As for NDB, it is assumed that this remains where it was originally built, which in a production environment isn’t really optimal, but is a good choice for testing the system, as it allows us to easily switch between versions of NDB and to rebuild it and fix things, without having to reinstall. The directory where MySQL was built in the example above was /home/karlsson/MySQL/Cluster/mysql-4.1 and as can be seen, NDB is built in the sub-directory ndb, which is the default location of the NDB source.
#!/bin/bash
MYSQL_HOME=/usr/local/mysql
export NDB_HOME=/home/karlsson/MySQL/Cluster/mysql-4.1/ndb
export PATH=$NDB_HOME/bin:$MYSQL_HOME/bin:$PATH
export LD_LIBRARY_PATH=$NDB_HOME/lib:$MYSQL_HOME/lib
export MANPATH=$NDBHOME/man:$MANPATH
Example file 1: Environment setup script
Before commencing, be sure to set up an environment setup file like the one above and then source it:
/home/karlsson> . ndbenv.sh
As is usual with MySQL, even though we are to use NDB as the storage engine, MySQL will store its data dictionary as MyISAM files, so we need to make space for this, unless you haven’t already done this or are upgrading from an earlier version of MySQL. In addition to this directory, we also need some space for NDB.

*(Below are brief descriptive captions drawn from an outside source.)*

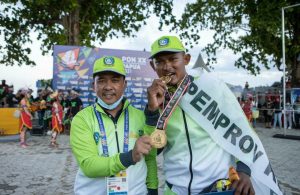 Selamat!, Acok Atlit Layar Kepri Tambah Medali Emas Lagi di PON XX Papua
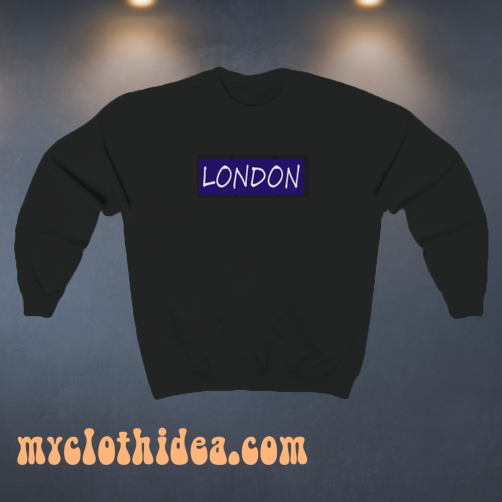 London-Sweatshirt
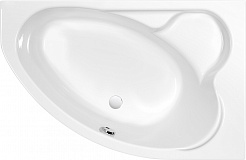 Cersanit Акриловая ванна Kaliope 153x100 R ультра белая – фотография-1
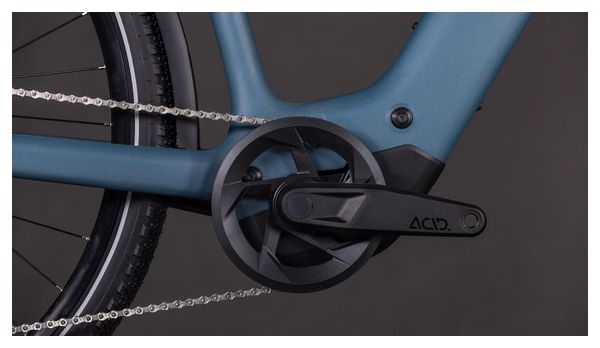 VTC Électrique Cube Kathmandu Hybrid C:62 Pro 400X Easy Entry Shimano Cues 11V 400 Wh 700 mm Bleu Spectral 2026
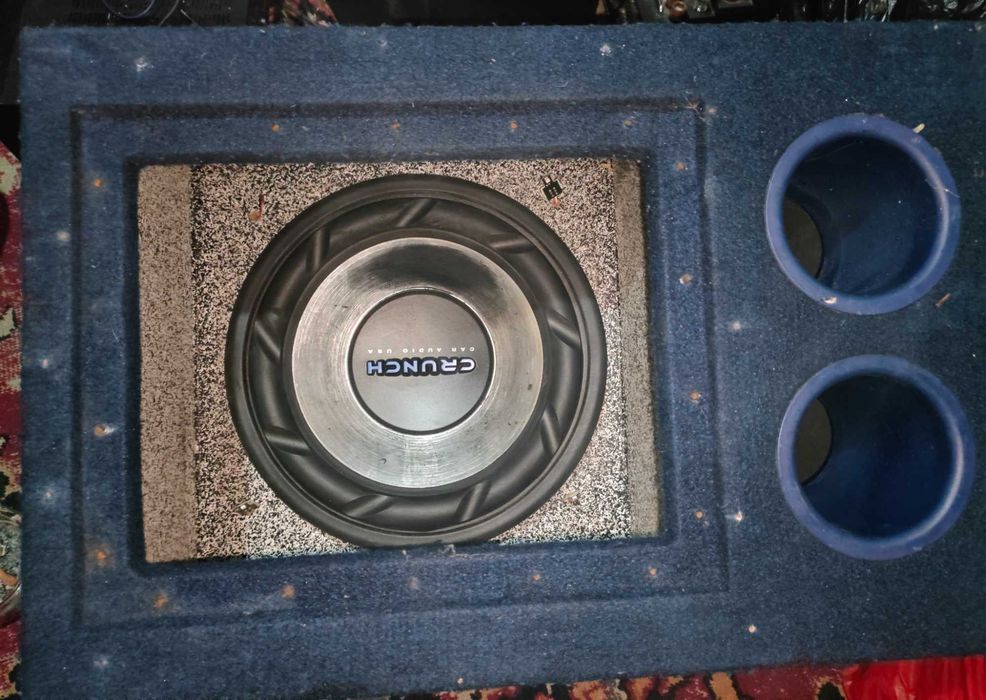 Басс каса crunch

In this case, we will run each node in its own directory, except of course the DB node, which use the MySQL datadir for its configuration. Here, we will use a directory called data in the current user home directory as the MySQL datadir, and then we create two directories for the remaining nodes in the same location:
/home/karlsson> mkdir ndb_mgmt
/home/karlsson> mkdir ndb_data1
This completes the setup of the MySQL Cluster environment.
MySQL Cluster setup
The MySQL Cluster is configured by one common configuration file, typically called config.ini, which is managed by the management nodes. The other nodes only need to know how to access a management node to get the configuration information.
The name of this file is passed to the management node program when it is started, and this file configures all the physical computers in the cluster, all the nodes and all the communication paths between the nodes. Preset defaults are available for most parameters though, and defaults can be specified in the config.ini file itself. For example, if all DB nodes use the same size of data memory, which is not the same as the preset default size, then a DB DEFAULT entry can be created that specifies the default data memory size for all DB node entries.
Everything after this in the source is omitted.